Data records:
*****

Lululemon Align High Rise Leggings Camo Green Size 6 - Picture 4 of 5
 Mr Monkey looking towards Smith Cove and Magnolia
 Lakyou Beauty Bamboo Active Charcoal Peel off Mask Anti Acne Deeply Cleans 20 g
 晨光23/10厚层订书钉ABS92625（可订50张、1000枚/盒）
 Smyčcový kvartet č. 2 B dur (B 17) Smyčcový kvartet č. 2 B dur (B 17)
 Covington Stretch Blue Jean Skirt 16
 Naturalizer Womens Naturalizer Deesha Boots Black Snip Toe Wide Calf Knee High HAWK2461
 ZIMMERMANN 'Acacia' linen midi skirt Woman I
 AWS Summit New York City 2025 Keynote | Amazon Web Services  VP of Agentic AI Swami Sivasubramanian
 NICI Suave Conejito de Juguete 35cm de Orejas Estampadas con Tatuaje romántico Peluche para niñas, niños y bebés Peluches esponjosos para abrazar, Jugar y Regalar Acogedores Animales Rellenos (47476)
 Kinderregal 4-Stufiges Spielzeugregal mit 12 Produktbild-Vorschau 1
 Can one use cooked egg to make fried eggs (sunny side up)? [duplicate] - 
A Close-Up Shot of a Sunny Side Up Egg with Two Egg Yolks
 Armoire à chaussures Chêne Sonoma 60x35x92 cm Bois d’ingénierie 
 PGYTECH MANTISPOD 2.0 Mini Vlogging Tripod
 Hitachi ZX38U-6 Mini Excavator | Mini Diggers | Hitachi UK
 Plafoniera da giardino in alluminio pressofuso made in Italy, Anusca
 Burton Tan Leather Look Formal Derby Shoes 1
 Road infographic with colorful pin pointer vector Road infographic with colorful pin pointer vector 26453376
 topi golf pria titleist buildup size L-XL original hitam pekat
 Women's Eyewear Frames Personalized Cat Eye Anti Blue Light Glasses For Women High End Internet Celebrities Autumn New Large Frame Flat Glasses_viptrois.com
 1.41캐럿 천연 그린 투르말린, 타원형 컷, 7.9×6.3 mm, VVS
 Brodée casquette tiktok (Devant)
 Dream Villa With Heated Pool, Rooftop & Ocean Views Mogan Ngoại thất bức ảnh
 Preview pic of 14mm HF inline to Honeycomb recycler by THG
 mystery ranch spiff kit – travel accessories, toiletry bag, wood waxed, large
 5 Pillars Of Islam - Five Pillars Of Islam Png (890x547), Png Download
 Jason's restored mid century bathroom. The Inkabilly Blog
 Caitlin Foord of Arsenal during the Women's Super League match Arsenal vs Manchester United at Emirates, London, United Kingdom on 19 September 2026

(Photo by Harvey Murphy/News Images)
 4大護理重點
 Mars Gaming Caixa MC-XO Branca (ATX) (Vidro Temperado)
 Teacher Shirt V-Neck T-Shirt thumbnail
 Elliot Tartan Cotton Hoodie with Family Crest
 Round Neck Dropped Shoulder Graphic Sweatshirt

*****

Exercise description: Send back an exact copy of only the lines from the line with "Plafoniera da giardino" up to and including the line with "topi golf pria" in the data above.

Result below:
 Plafoniera da giardino in alluminio pressofuso made in Italy, Anusca
 Burton Tan Leather Look Formal Derby Shoes 1
 Road infographic with colorful pin pointer vector Road infographic with colorful pin pointer vector 26453376
 topi golf pria titleist buildup size L-XL original hitam pekat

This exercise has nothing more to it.